▶ **Work to complete**
Would you return every entry below exactly as written, without its images?

[Web page caption snippets]
===

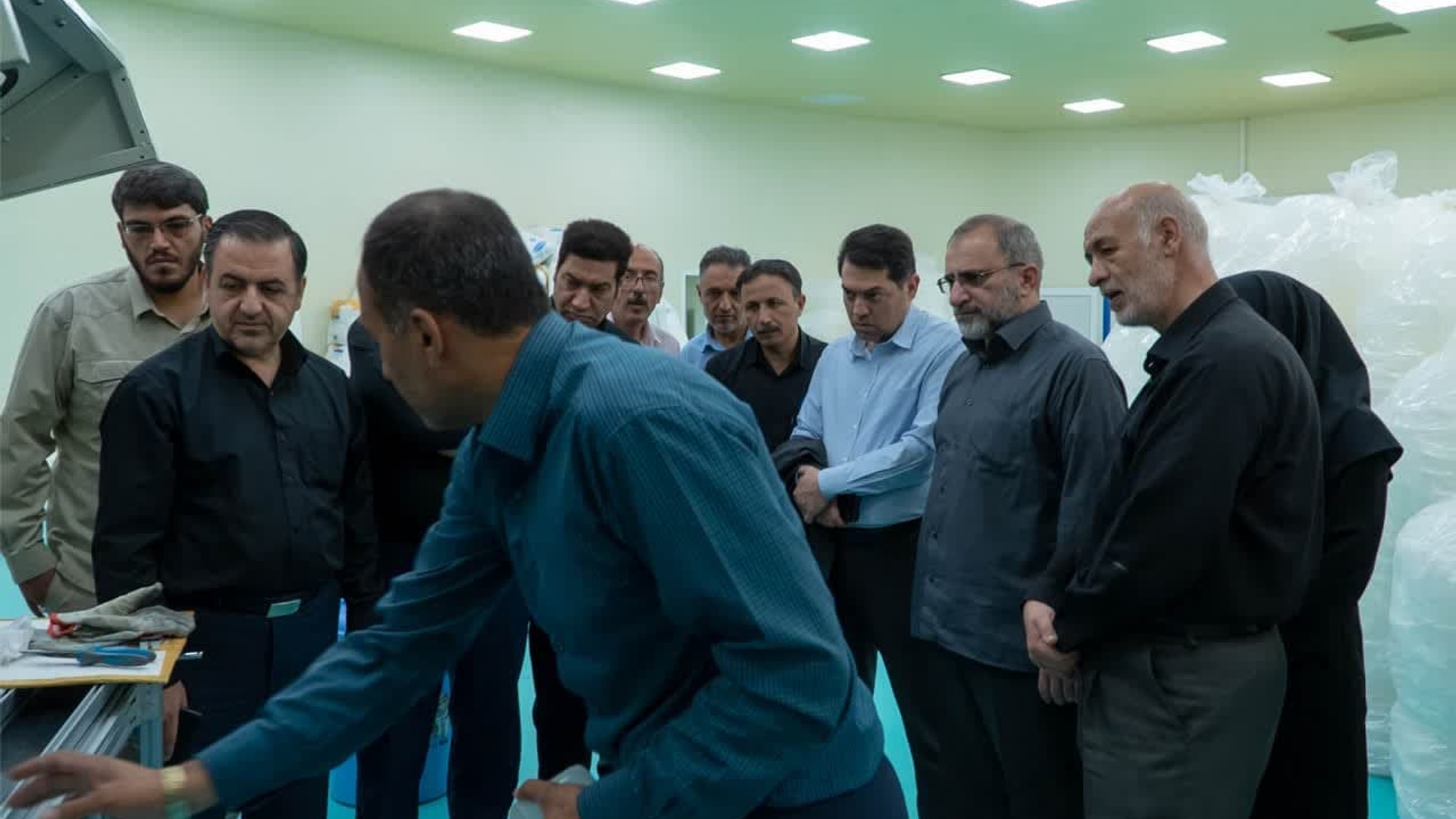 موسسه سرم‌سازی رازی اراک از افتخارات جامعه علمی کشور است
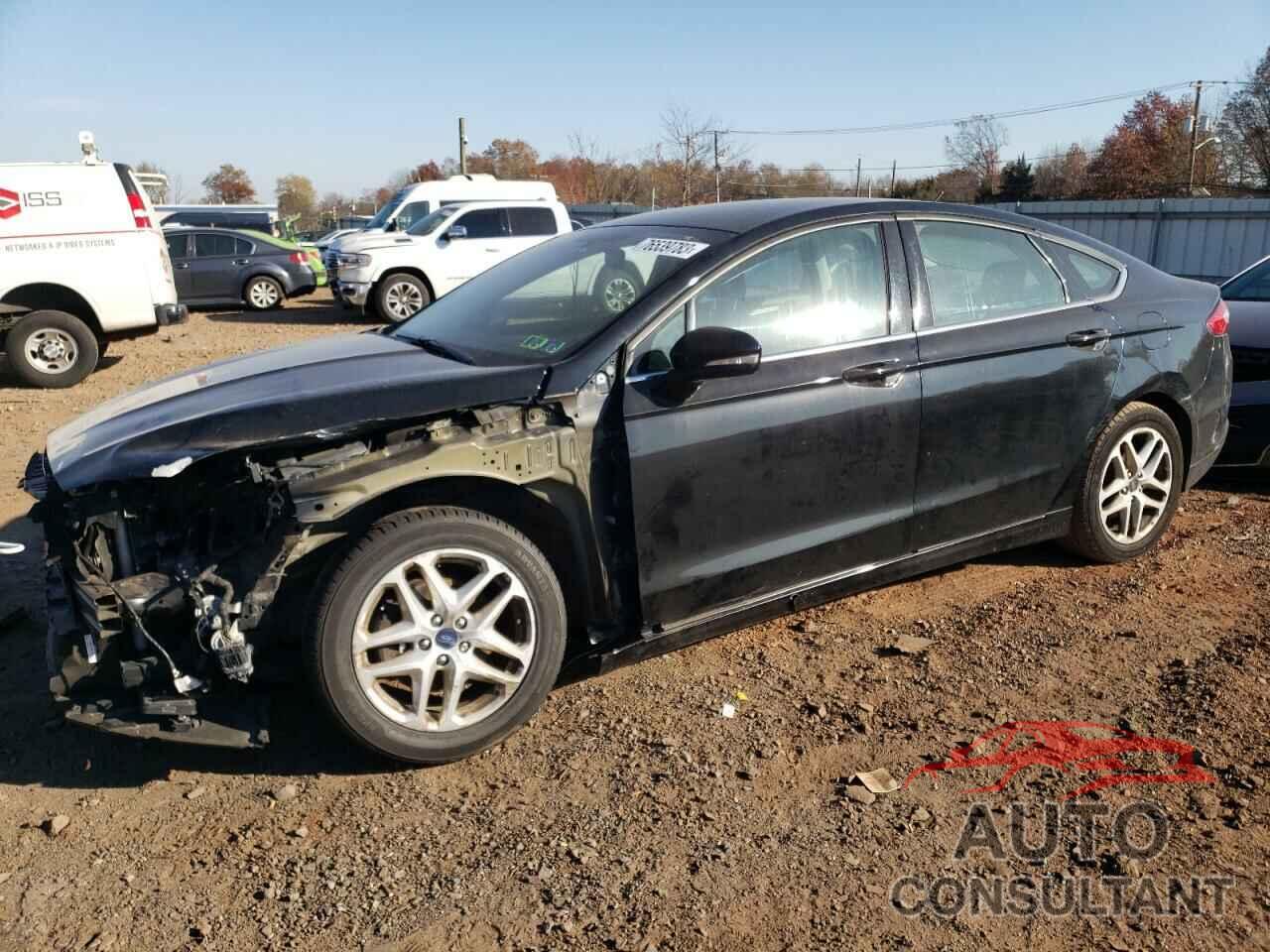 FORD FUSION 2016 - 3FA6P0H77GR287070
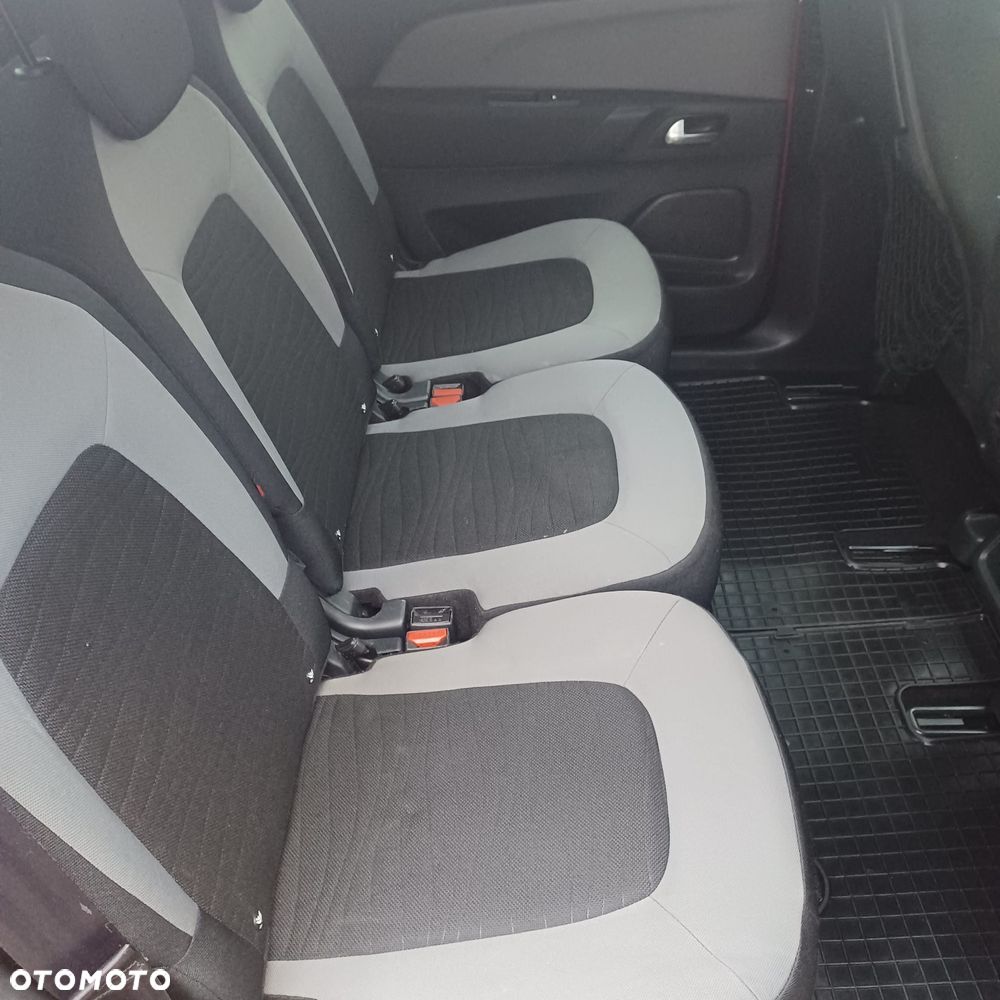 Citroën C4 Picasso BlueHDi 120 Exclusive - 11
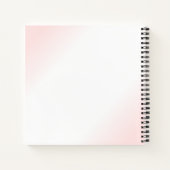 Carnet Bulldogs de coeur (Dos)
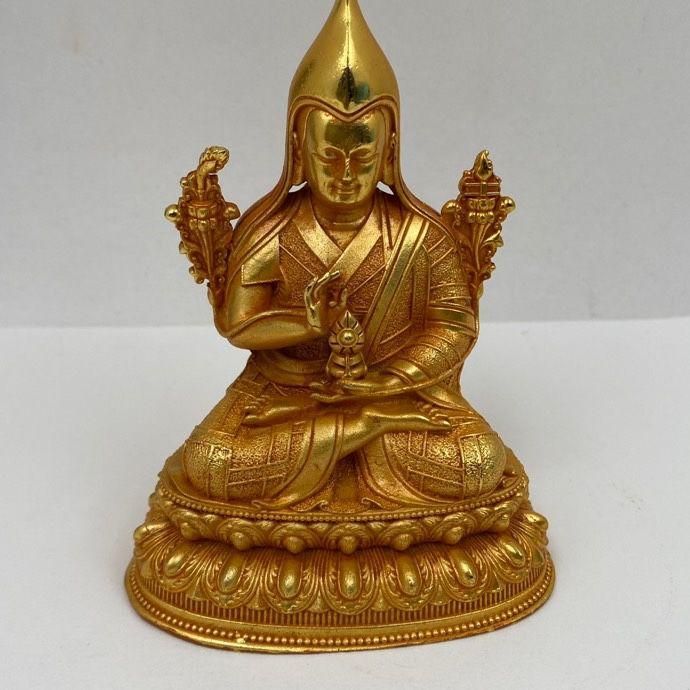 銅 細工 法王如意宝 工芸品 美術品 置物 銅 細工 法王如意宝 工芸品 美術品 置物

===

▶ **Task answer**
 موسسه سرم‌سازی رازی اراک از افتخارات جامعه علمی کشور است
 FORD FUSION 2016 - 3FA6P0H77GR287070
 Citroën C4 Picasso BlueHDi 120 Exclusive - 11
 Carnet Bulldogs de coeur (Dos)
 銅 細工 法王如意宝 工芸品 美術品 置物 銅 細工 法王如意宝 工芸品 美術品 置物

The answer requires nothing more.